L’ARBITRAGGIO – Ho ventidue anni e ho sempre amato il calcio, fin da quando mio papà invece di farmi giocare con le bambole mi mostrava le partite in tv. Nel 2010 sono diventata un arbitro dopo aver superato un esame impegnativo, che comprendeva un test atletico e dei test basati sul regolamento, cosa essenziale da sapere per arbitrare al meglio una partita (e anche per commentarla, volendo). Le regole del calcio non sono semplici da imparare, eppure io e le altre, come i miei colleghi uomini, le sappiamo a memoria e le applichiamo ogni weekend nei campi di provincia, cercando di eseguire al meglio il nostro dovere.

GLI OSTACOLI “ROSA” – Ciò che succede però quando una donna arbitro va a dirigere una partita ha dell’incredibile: nel 2016 ancora questo ruolo è guardato con sospetto da tutti i tifosi, tanto che le ragazze devono avere a che fare non solo con gli insulti che vengono riservati a tutti gli arbitri indipendentemente dal sesso, ma anche con quelli riservati solo alle quote rosa.

“Vai a cucinare”, “vai a lavare i piatti”, “vai a fare la ballerina invece di arbitrare” e molte altre frasi si sentono spesso dire soprattutto nei campi di provincia, dove gli spettatori non sono tantissimi e il rumore dei cori non supera quello dei singoli tifosi. Non parliamo poi delle risate e dei commenti dei dirigenti quando vedono arrivare una donna e la accolgono, cosa che però non ci demoralizza e ci fa andare avanti a testa alta: è sempre bello smentire i pregiudizi sul campo e ricevere i complimenti dagli stessi a fine gara.

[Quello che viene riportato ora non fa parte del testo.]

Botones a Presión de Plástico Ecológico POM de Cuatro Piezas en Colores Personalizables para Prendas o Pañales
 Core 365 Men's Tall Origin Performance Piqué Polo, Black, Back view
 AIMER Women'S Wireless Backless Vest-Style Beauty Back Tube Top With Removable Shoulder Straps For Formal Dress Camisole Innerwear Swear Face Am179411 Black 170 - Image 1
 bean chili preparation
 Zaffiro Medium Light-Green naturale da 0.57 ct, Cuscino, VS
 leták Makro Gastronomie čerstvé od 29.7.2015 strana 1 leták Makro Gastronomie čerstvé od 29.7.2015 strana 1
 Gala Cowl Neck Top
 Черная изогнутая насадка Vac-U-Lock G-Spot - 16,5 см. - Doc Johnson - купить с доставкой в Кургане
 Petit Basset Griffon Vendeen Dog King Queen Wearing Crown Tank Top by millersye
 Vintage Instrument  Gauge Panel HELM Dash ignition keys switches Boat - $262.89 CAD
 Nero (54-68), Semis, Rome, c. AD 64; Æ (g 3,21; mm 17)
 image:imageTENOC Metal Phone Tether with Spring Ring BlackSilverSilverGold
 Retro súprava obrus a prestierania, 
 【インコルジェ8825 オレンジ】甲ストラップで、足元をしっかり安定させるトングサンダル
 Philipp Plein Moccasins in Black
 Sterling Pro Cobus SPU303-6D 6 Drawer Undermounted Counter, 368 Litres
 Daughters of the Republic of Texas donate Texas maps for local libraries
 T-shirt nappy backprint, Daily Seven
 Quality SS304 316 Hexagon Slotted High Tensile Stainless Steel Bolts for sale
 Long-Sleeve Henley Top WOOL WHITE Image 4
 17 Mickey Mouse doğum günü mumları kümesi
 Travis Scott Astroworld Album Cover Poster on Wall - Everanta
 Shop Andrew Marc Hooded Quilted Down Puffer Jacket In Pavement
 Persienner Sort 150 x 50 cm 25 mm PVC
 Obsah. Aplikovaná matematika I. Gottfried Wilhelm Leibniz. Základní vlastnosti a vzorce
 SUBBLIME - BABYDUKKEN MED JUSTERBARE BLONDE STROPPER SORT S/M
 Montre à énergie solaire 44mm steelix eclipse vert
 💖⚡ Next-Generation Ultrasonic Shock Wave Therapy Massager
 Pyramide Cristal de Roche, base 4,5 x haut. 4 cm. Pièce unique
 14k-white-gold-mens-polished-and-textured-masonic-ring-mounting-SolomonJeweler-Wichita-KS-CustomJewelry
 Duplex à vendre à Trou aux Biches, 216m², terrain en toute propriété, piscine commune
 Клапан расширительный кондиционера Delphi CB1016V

L’ESEMPIO – L’aneddoto divertente e formativo che riporto è quello di una donna arbitro tedesca, che, dopo essere stata insultata da un giocatore durante una partita di seconda divisione, lo ha espulso e come punizione lo ha costretto con la collaborazione degli organi superiori ad arbitrare una partita femminile con lo scopo di rendersi conto della difficoltà del compito e per avere un’immagine diversa della donna in ambito calcistico.

L’arbitraggio forma il carattere e ci fa crescere nonostante gli ostacoli e i pregiudizi, ed è per questo che sarebbe bello se gli arbitri donna fossero rivalutati e avessero la possibilità di dirigere gare anche nella massima serie italiana: il mio sogno rimane ancora quello di vedere una donna arbitrare il derby di Milano davanti ad un pubblico che non giudica e si gode solamente lo spettacolo.